What do you look like to the internet? Nov 9, 2013 12:14am UTC
We all use the internet. We visit thousands of pages, sending countless bytes of information through switches and servers all around the globe. If we can retrieve so much information from these sites around the world, what can they get from us?

Let's take this blog post for example. Here's some of what I see on my end when a user visits this page. Let's assume it's you:

[REQUEST_URI] => /blog/37
[REMOTE_PORT] => 53008
[HTTP_COOKIE] => hus=fu37clpe0p3oh1qqu2pv8i6dd3
[HTTP_ACCEPT_LANGUAGE] => en-US,en;q=0.8
[HTTP_USER_AGENT] => Mozilla/5.0 (Windows NT 6.2; WOW64) AppleWebKit/537.36 (KHTML, like Gecko) Chrome/30.0.1599.101 Safari/537.36
[REQUEST_TIME] => 1383934514

Let's break this down a little bit. Obviously REQUEST_TIME indicates when exactly you visited the page. Taken slightly further, this is a time of day when you likely enjoy browsing the web.

REQUEST_URI is again pretty obvious, indicating the page to which you browsed.

REMOTE_PORT tells me exactly which socket your computer is using to receive data from my server. Assuming there's a browser exploit or other vulnerability, this is how I would download whatever I want to your computer.

The next few get a bit more personal.

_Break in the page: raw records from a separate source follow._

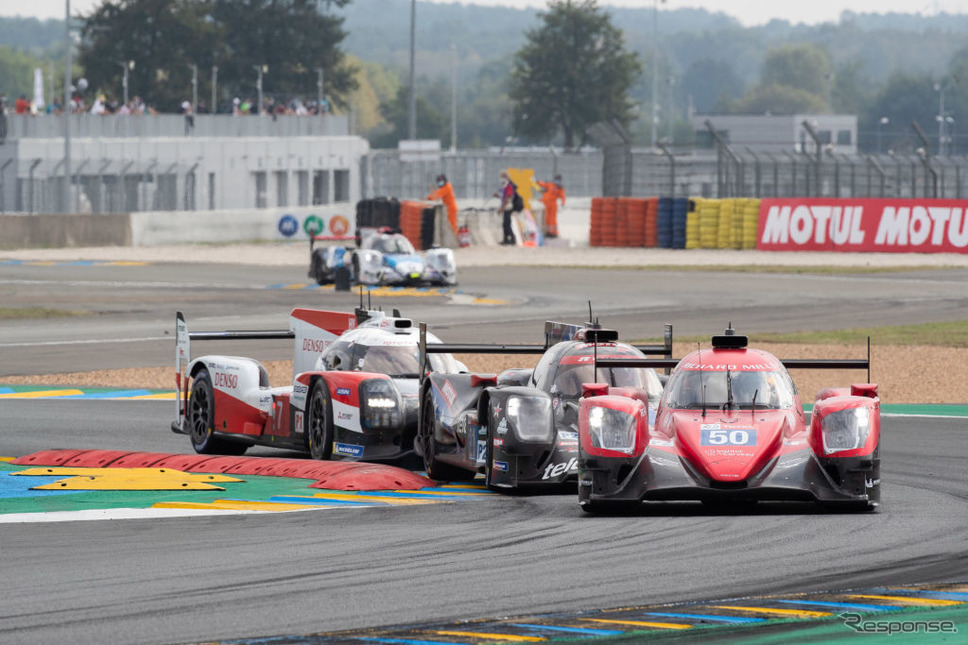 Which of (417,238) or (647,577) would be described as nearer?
(647,577)

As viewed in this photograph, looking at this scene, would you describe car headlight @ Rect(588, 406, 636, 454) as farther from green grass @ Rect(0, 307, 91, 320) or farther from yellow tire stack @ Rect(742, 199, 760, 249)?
yellow tire stack @ Rect(742, 199, 760, 249)

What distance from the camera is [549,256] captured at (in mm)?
49094

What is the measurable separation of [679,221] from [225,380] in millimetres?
35780

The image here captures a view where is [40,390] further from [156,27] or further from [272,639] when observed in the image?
[156,27]

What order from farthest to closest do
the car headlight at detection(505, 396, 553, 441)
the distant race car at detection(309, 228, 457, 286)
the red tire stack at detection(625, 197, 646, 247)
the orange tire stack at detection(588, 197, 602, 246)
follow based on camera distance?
the orange tire stack at detection(588, 197, 602, 246) → the red tire stack at detection(625, 197, 646, 247) → the distant race car at detection(309, 228, 457, 286) → the car headlight at detection(505, 396, 553, 441)

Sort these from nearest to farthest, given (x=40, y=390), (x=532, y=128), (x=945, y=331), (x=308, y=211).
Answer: (x=40, y=390), (x=945, y=331), (x=308, y=211), (x=532, y=128)


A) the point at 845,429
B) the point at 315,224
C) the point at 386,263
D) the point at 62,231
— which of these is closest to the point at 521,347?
the point at 845,429

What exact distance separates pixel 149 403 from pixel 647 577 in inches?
478

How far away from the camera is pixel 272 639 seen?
7664mm

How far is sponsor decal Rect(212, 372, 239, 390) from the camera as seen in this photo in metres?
16.2

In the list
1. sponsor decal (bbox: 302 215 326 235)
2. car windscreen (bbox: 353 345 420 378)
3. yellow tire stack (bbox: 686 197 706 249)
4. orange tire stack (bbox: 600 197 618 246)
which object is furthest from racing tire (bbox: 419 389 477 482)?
sponsor decal (bbox: 302 215 326 235)

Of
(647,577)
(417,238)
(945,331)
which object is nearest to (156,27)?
(417,238)

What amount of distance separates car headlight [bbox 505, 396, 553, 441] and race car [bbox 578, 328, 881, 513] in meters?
0.78

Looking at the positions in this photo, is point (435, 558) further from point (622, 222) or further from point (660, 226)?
point (622, 222) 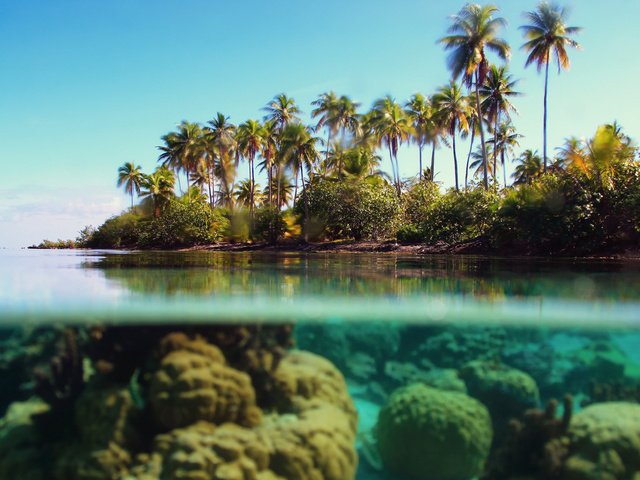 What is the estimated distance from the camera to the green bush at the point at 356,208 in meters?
37.4

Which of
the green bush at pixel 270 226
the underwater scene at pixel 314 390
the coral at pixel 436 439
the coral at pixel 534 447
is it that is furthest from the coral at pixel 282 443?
the green bush at pixel 270 226

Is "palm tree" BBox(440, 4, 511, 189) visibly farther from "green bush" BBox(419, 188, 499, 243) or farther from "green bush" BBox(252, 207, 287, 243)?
"green bush" BBox(252, 207, 287, 243)

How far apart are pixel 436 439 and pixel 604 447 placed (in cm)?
150

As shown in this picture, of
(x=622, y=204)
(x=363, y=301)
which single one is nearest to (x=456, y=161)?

HTTP_ACCEPT_LANGUAGE tells me the written language in which you prefer to browse the web. In this case, en-US means english. Based on this, I can guess at your nationality.

HTTP_USER_AGENT has some familiar words in it, like Mozilla, Apple, Chrome, etc... The contents of this entry give me the exact browser and version that you're using to view my page. Also, the presence of WOW64 indicates that your machine is 64-bit. If this were absent, I could assume your computer is a bit older and potentially open to more vulnerabilities.

HTTP_COOKIE. We've all heard of cookies in the context of the internet. This bit can enable me to track each time you return to my site. I can figure out how frequently you visit, and in conjunction with REQUEST_TIME provides a more detailed profile of your web browsing habits.

Lastly we have REMOTE_ADDR, aka your public IP address. If run through a service, this info will give me a pretty accurate indication of where you are currently located. Obviously it's not perfect, but if you've ever seen a website with an ad reading "find local singles in [fill in your city's name here]", this is how they're contriving that city. Coupled with HTTP_ACCEPT_LANGUAGE, I get a better estimation of your nationality as well. The list keeps going with REMOTE_ADDR. Based on your location, I can guess at your household income and potential employer.

So let's summarize:

From a visit to this page, (with reasonable accuracy) I now have the type of computer you're using, a good time of day to find you browsing, the web browser you prefer, how often you come to my site, the language you speak, your potential nationality, a list of places at which you may work, how much money you might make, and your actual location within a couple of miles.

Do you feel violated? Guess what. You've given away this info thousands of times.